Search the listing for "ball" and copy every line where it appears.

_RECORDS TO USE_.

-- Opening Marker --

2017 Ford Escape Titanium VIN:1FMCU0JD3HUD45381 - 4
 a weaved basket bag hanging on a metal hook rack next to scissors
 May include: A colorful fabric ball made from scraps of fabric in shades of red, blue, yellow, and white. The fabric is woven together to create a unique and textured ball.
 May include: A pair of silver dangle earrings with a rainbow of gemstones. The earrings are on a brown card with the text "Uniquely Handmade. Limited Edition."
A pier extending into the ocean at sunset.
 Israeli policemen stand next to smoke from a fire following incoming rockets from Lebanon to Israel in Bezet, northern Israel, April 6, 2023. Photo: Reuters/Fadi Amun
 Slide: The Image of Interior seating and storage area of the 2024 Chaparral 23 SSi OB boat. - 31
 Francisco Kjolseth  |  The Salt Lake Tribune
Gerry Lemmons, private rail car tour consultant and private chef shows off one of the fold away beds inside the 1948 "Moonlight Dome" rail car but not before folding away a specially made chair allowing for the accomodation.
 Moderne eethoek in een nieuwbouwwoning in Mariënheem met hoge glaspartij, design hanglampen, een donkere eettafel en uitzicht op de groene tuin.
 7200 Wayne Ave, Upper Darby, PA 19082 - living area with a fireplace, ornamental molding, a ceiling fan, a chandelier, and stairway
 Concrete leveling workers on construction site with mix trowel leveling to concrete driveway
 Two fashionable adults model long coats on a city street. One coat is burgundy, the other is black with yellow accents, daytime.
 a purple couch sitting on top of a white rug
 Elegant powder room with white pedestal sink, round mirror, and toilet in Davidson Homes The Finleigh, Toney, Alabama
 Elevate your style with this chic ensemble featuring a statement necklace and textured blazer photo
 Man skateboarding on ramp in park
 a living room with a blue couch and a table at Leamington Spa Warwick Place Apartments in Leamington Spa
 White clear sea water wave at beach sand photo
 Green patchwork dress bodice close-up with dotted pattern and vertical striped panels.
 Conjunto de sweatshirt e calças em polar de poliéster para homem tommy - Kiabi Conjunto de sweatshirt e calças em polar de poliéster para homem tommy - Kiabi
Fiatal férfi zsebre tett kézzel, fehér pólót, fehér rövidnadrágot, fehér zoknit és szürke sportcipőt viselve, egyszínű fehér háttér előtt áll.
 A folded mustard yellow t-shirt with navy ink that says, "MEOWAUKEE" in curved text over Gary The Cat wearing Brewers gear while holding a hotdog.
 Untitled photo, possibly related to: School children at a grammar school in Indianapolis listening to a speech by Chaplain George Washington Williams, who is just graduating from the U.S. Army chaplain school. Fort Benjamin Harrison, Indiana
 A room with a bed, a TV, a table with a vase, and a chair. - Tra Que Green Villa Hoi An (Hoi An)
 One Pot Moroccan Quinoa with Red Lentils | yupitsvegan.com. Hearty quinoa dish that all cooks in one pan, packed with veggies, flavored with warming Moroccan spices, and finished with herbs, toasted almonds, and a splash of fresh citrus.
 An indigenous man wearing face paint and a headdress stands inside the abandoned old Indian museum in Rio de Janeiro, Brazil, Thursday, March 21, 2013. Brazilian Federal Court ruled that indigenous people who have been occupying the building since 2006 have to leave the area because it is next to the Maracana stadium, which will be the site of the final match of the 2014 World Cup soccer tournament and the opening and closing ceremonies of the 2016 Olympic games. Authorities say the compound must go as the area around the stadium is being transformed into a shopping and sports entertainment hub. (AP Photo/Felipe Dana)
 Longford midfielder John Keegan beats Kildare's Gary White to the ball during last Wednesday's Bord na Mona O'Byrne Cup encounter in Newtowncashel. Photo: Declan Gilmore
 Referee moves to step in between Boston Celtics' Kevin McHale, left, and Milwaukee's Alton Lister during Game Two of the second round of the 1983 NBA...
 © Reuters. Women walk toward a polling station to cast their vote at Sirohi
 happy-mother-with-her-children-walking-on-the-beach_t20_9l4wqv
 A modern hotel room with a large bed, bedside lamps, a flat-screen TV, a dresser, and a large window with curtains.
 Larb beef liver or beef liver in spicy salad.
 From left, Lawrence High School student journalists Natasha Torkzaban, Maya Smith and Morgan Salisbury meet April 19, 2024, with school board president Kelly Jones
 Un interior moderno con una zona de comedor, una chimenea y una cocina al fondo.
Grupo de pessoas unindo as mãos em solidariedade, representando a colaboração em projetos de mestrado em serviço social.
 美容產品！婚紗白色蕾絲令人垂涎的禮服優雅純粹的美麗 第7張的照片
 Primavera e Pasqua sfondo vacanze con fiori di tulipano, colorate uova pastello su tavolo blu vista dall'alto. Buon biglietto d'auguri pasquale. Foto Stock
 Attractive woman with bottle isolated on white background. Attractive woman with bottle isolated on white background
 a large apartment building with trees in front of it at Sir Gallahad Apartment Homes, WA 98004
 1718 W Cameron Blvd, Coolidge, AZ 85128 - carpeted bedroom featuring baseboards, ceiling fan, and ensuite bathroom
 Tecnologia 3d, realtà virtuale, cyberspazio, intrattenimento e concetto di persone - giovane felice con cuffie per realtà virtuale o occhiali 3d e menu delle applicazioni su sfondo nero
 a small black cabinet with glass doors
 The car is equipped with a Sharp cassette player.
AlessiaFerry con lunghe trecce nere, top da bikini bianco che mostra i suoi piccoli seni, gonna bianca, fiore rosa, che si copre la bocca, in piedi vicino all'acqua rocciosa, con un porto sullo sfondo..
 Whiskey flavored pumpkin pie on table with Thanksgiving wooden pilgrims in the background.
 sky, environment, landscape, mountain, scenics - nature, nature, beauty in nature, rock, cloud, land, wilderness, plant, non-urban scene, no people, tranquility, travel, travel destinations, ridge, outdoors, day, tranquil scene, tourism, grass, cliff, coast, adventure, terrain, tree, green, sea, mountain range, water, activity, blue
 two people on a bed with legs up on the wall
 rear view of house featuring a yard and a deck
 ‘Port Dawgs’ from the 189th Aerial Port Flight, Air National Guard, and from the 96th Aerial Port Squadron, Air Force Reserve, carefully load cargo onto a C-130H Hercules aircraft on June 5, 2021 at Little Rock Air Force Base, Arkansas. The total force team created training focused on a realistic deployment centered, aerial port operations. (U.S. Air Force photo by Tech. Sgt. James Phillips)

-- Closing Marker --

_THE COMPLETED TASK_.
 May include: A colorful fabric ball made from scraps of fabric in shades of red, blue, yellow, and white. The fabric is woven together to create a unique and textured ball.
 Longford midfielder John Keegan beats Kildare's Gary White to the ball during last Wednesday's Bord na Mona O'Byrne Cup encounter in Newtowncashel. Photo: Declan Gilmore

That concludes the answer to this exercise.